Scientists are scrambling to understand how a warming planet will affect the world, and it’s not entirely clear where runaway climate change kicks in. Still, people need numbers to make policy, so 2 degrees Celsius is where scientists have landed. “Nobody really knows” where the cutoff is, Hsu says. But “if there was no clear targets or concrete benchmarks, we wouldn’t know what to gauge progress against and what we need to be working toward.”
Even if all the Paris agreement pledges are met, the world will still probably warm up by 3 degrees Celsius, according to the United Nations. Many countries pledged to cut part of their greenhouse gas emissions by 2025, 2030, or even 2050, but that’s too late, Hsu says. We need to act now, and that’s why today’s article is so important. “When it comes to climate, timing is everything,” the authors write.
And even the relatively modest requests of the Paris climate agreement faced strong opposition. Earlier this month, President Donald Trump announced that he will pull the US out of the agreement. Trump also directed his administration to repeal several Obama-era policies to reduce carbon pollution and stop new coal mining leases on federal lands.
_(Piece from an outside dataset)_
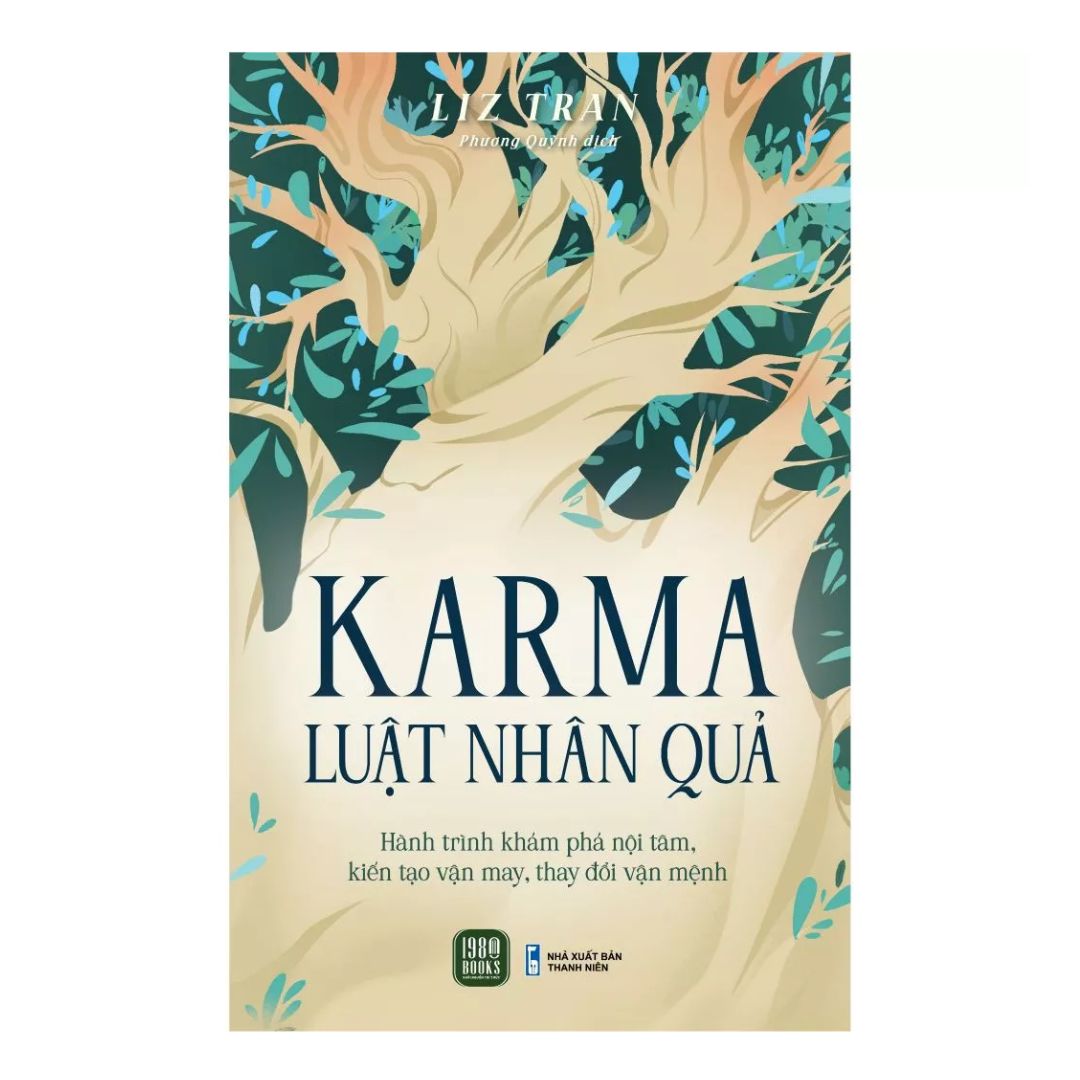 Karma: Luật Nhân Quả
But Trump’s an outlier. Hundreds of mayors across the US — Democrats and Republicans — have vowed to address climate change and commit to renewable energy. For the past three years, the world’s CO2 emissions from fossil fuels have stayed flat, while economies grew. And renewable energy saw $286 billion in investments in 2015, which is more than six times what it was in 2004.
World leaders should harness this momentum and take action now, the authors say, with milestones for energy, infrastructure, transportation, land, industry, and finance. Hsu, who worked with the authors as well as industry leaders and other scientists to come up with the action items, says they are “politically feasible.” But it’s unclear whether the G20 leaders will decide to embrace them. That’s the most challenging hurdle.
“I’m not sure how realistic capping emissions by 2020 really is,” says Rebecca Robinson, an associate professor of oceanography at the University of Rhode Island’s Graduate School of Oceanography. “It seems really a difficult stretch, especially given the current political climate toward climate action.” The authors admit that “these goals may be idealistic at best, unrealistic at worst.” But Figueres says, that market forces — like the falling prices of renewables — are pushing climate action forward, and countless of businesses have come out in favor of the Paris deal and cutting greenhouse gas emissions.
These scientists remain optimists in the face of a possibly apocalyptic future. “If you work on climate change like I do, it’s really easy to get depressed by the situation,” Hsu says. “But you have to think about what can be done.” If the experts still believe there’s a way to turn this around, maybe it’ll be a little easier for the rest of us to have some hope, too.